The Gospels are not independent of each other, any more than various different books by L Ron Hubbard and his acolytes or by the Mormon Church are independent of each other.
By contrast, Plato is completely independent of Aristophanes as contemporary attestation of Socrates. Nothing remotely comparable exists for Jesus. Put that in your pipe and smoke it.
criterion of dissimilarity - traditions that appear to work against the vested interests of the Christians who were telling them are more likely to be historically accurate than those that Christians may have “made up” to suit their own purposes.
This argument was used by Christopher Hitchens to say that he found it incredible that the Gospels include stories that some might think put Jesus in a less than perfect light, and that these texts are evidence that Jesus existed. They are nothing of the sort.
Sir Lancelot of the Lake has an extensive legend of his madness, but that is not evidence for Lancelot any more than the madness of Don Quixote is evidence for historicity. The stated objective of the story of Jesus is to encourage belief. As such, quirky details add to his humanity. People can relate to a character who is unpredictable. This criterion is garbage as far as any real historical evidence is concerned.
But there is one sense in which this criterion is true. Eusebius was a Liar for the Lord. Revealing this deception is against the vested interest of the church, but is obviously historically accurate.
criterion of contextual credibility - argues that no tradition about Jesus can be accepted as reliable if it cannot plausibly be situated in a first-century Jewish Palestinian context
In that case you have to junk the whole New Testament on grounds of implausibility. It refers to Nazareth, which did not exist when Jesus lived. Paul never mentions any geographical location for Jesus. The context Paul provides is mythic, not historical.

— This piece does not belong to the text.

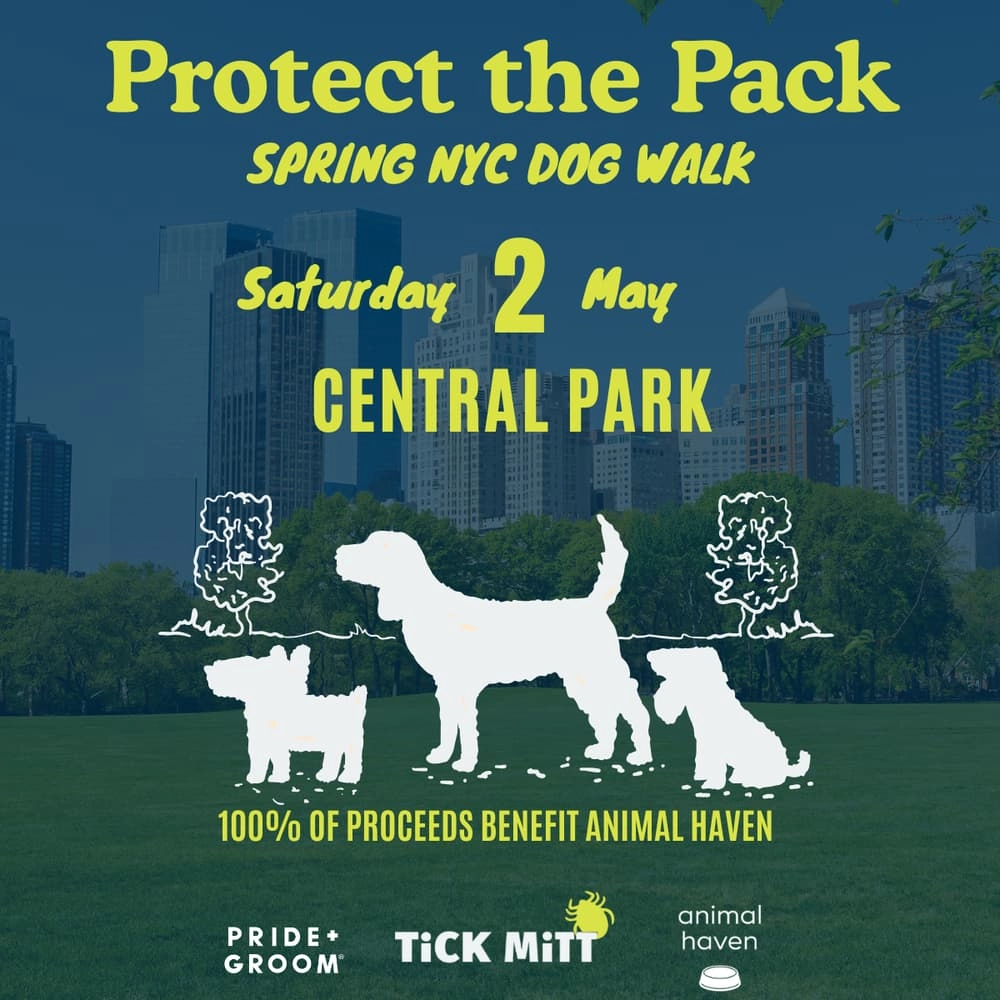 Protect the Pack NYC Dog Walk with PRIDE+GROOM and Animal Haven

Now Ant, you have cited these criteria as supposedly supportive of the Historical Jesus hypothesis. In fact, they support the Christ Myth hypothesis. The decisive fact is that Christianity was generated by a cult, just like Scientology or Mormonism. We know both of those are entirely fictional, but are somehow emotionally attractive to large numbers of otherwise intelligent people. Even Mitt Romney looks shifty and implies that hey everyone believes kooky things when pressed (or so I am told).
Sadly, scholarly research about Jesus is mostly far from rigorous. People who have grown up in a cult where JC was their bestest friend are brainwashed, and they bring this rinse cycle in at the foundation of their research, as an assumption that they do not question. They also know that universities and theological colleges are corrupt, and that anyone who is honest about the real evidence on Jesus has little hope of career advancement, so they internalise the prejudices of the community.